Since the franchise’s beginning in 1986, Castlevania has always been a beloved franchise by many around the world. It’s known as a tough to complete platformer, full of secrets in every stage. Making it especially unique is its gothic theme, making use of popular characters from various stories such as Dracula or Frankenstein. The game went on to spawn multiple sequels but as time passed and technology grew, so too did the franchise need to evolve.
Castlevania: Symphony of the Night was the first Castlevania title released on the PlayStation. At first glance, everything about it is different. The concept of clearing stages was removed along with special weapons that require hearts to use. Even the story focused on the never-ending battle between Dracula and the Belmont family was replaced with a story of Dracula’s son Alucard as he returns to Dracula’s castle in order to defeat his reawakened father. What makes Symphony of the Night so amazing isn’t only what it changed about the franchise however but the way it actually represented what Castlevania always aimed to be while at the same time, giving birth to a new genre within the gaming industry.
Dracula’s castle has always been the main locale of the series but it wasn’t until Symphony of the Night that it was actually possible to fully map out the vampire’s home. From the caverns below to the colosseum and clock tower, stages found in the original game make their way into Symphony of the Night in some shape or form, connecting them all to make one giant level. The added genius to this design is something many players miss to this day. The castle design, which was made to be played upside down, is a testament to how well thought out the level design in this game was.
Weapons went through a similar change with Symphony of the Night’s evolution. They are still found and picked up, just as they were in the classic titles, but there’s no longer a restriction on how many times they can be used and the manageable inventory allowed players to pick up any item without the fear of losing another. Playing as a Belmont is great, but keeping with that lore, both players and developers are restricted. Traditionally, Belmonts use one weapon, the vampire-killing whip while Alucard, on the other hand, doesn't have familial ties to a single weapon in Symphony of the Night. This gives the title more role-playing game elements that help to create a feeling of growth beyond simple stage progression as we could actually see Alucard getting stronger, dealing more damage and using better equipment.
The format seen in Symphony of the Night was reused in almost every Castlevania title released afterwards, only with different castle layouts. As other developers began to make use of this style, the term “Metroidvania” was coined, referring to any game that used a Metroid-style map system with RPG mechanics involved. What Castlevania: Symphony of the Night did was bring a new type of exploration to the RPG genre while also helping to iconize the series by reaching out beyond the borders of platformer fans.

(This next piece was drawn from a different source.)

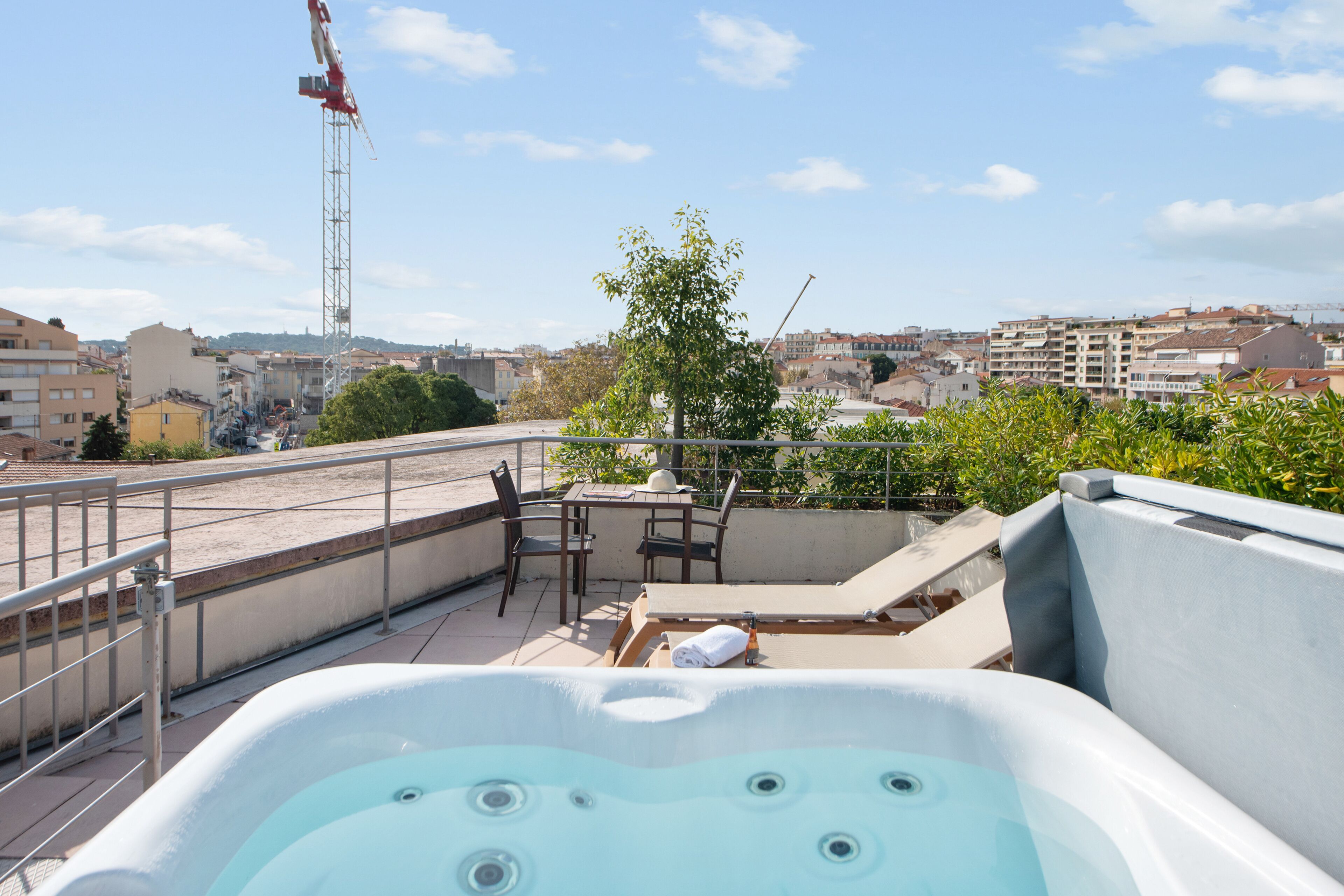 Une terrasse sur le toit avec un jacuzzi, des sièges extérieurs et une vue sur le paysage urbain.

The style of game birthed by Symphony of the Night retained its relevance even today, evident by the support of the crowdfunded game, Bloodstained: Ritual of the Night, a game being developed by the assistant director of Symphony of the Night, Koji Igarashi.
Bloodstained: Ritual of the Night is a two-dimensional platformer that uses 3D graphics currently being developed by Inti Creates. It is being made as a spiritual successor to Symphony of the Night and carries a lot of the mechanics over from the title. The game follows a girl named Mariam as she navigates her way through a castle filled with demons. The game features the same types of character progression through the forms of levelling up and finding new equipment but with added features such as weapon crafting. Fans of Symphony of the Night have been eagerly awaiting the title, pledging $5 million over the original $500 thousand goal.
Castlevania: Symphonia of the Night deserves to be celebrated as a title that reinvented the wheel while honouring what came before it. The game changed the way that we looked at platformer genre along with the way we looked at RPGs, and 20 years later gamers are still discovering this gem with the many secrets it holds. Only time will tell if Bloodstained manages to live up to Symphony of the Night when it launches next year but for 2017, we can pay our respects to Castlevania: Symphony of the Night.